Matt Granger: Eigentlich hatte ich ursprünglich mit Kodak angefangen *lacht*. Das weiß nur kaum jemand. Es waren Sofortbildkameras von meiner Großmutter. Dann habe ich auf der Olympus SLR meines Vaters mehr über das Fotografieren gelernt. Meine erste eigene, richtige Kamera war eine Yashica SLR. Als dann die Digitalisierung bei den Kameras folgte, hatte ich ein paar Olympus DSLRs bevor ich zu Nikon umgestiegen bin. Auch heute shoote ich in erster Linie auf Nikon. Aber ich habe dennoch auch Sony Kameras in meinem Arsenal, ich benutze auch noch immer meine Hasselblad 503CW sehr gern und habe zudem eine digitale Hasselblad X1D um für mich zu fotografieren.
Was die Begeisterung angeht - ich bin ganz ehrlich noch immer ein Technikfan. Mein Spitzname in der Jugend war 'Inspector Gadget', denn ich musste immer das neueste Handy, die neueste Kamera oder was auch immer haben. Auch wenn ich heute das Ganze klarer und aufgeklärter sehe, die Reaktion der Community abschätzen kann, begeistert es mich noch immer, neue Teile kennenzulernen und neue Features auszuprobieren.

compagnon: Mit dieser Menge an beeindruckendem Wissen über Technik und Ausrüstung befindet sich in deiner Kameratasche zweifelsohne exquisites Material, egal für welchen Zweck du fotografierst. Wir würden gern erfahren, ob es in deiner Kameratasche auch ein ungewöhnliches Teil gibt, welches nicht jeder gängig bei sich hat. Sei es aus praktischen oder sentimentalen Gründen.

Matt Granger: Hier habe ich nur eine langweilige Antwort: Nein. Ich packe meine Tasche explizit für den jeweiligen Tag oder eine bestimmte Reise und lade ein, was ich unbedingt brauche. Was ich allerdings in jeder Tasche bunkere sind Visitenkarten, denn von diesen habe ich nie genug im Geldbeutel.
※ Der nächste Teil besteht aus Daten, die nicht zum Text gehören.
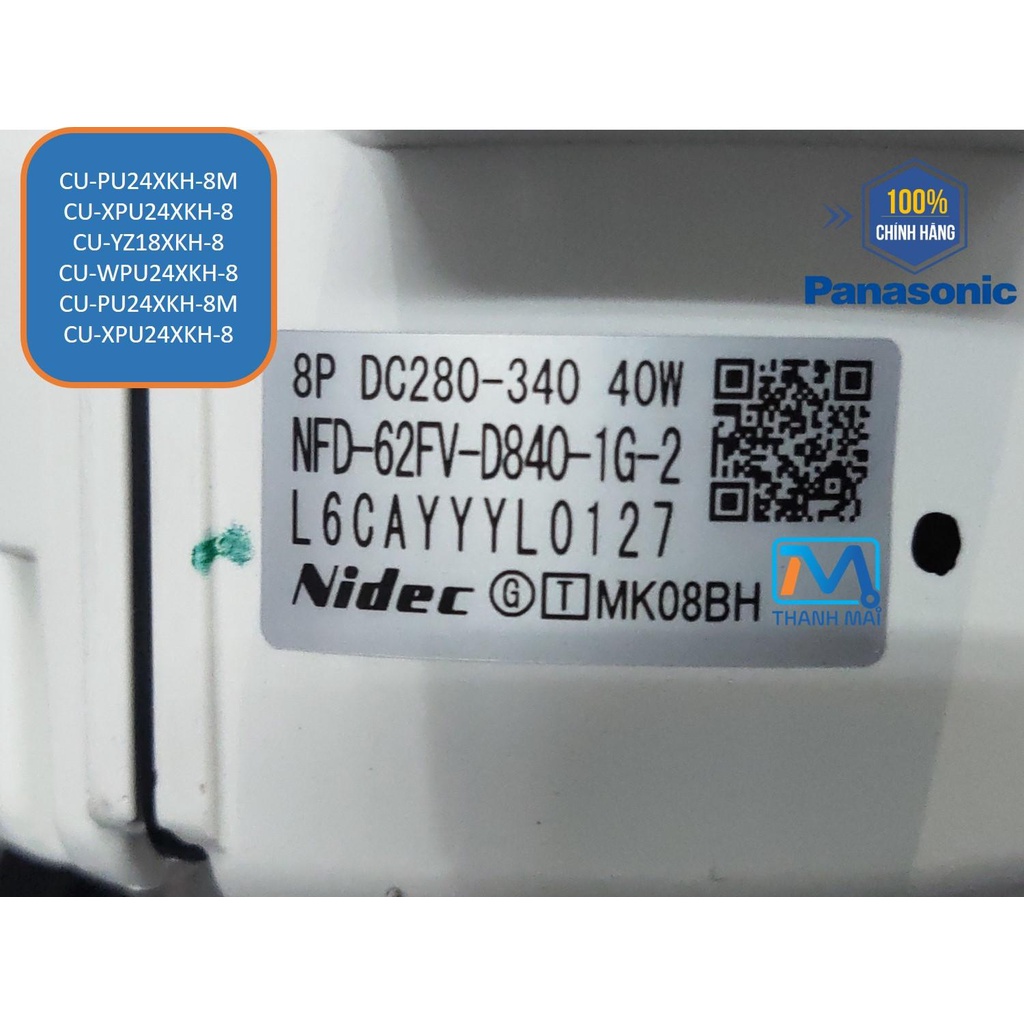 Motor quạt dàn nóng Máy lạnh Panasonic Model CU-WPU24XKH-8 CU-PU24XKH-8M CU-XPU24XKH-8 CU-YZ18XKH-8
compagnon: Wenn wir schon beim Thema Visitenkarten und Geschäftsbeziehungen sind: Dein Name steht in der kreativen Industrie mittlerweile für eine Institution. Gibt es dennoch andere Fotografen oder kreative Künstler, die dich inspirieren und deren Arbeit du bewunderst und/oder besonders schätzt?

Matt Granger: Natürlich. Da gibt es so viele! Kreative Fotografen, Filmemacher, Storyteller, strategische Business-Trainer oder auch meine Schüler und Kursteilnehmer inspirieren mich. Der letzte Punkt erscheint vielleicht etwas überraschend aber wenn ich meine Schüler sehe, entweder bei einem persönlichen Workshop, wenn sie die Lektion begreifen und umsetzen, den Schritt auf das nächste Level schaffen, oder wenn ich sehe wie sich die Arbeit eines Online-Teilnehmers weiterentwickelt und stetig verbessert, das ist unheimlich inspirierend. Das ist womöglich der beste Teil an meiner Arbeit. Ich bin gewöhnlich umringt von kreativen, dynamischen Menschen und das motiviert mich sehr.

compagnon: Das bestätigt letztlich, dass Du zum Lehren und Führen deiner Schüler geschaffen bist und ihnen auf das nächste Level helfen kannst. Du hast dir dafür den Bereich der Fotografie ausgesucht, was dich unter anderem zu dem Treffen mit uns heute geführt hat. Wir wissen es zu schätzen, dass Du dir die Zeit für dieses Interview genommen hast. Vielen Dank. Wir wünschen dir für deine kommenden Projekte und Pläne viel Erfolg. Da du bei den Reisen und dem Arbeiten mit deinen compagnon Produkten immer sehr zufrieden scheinst, freuen wir uns außerdem über deinen Beitritt zu unserem Ambassdor Team. Alles Gute, Matt.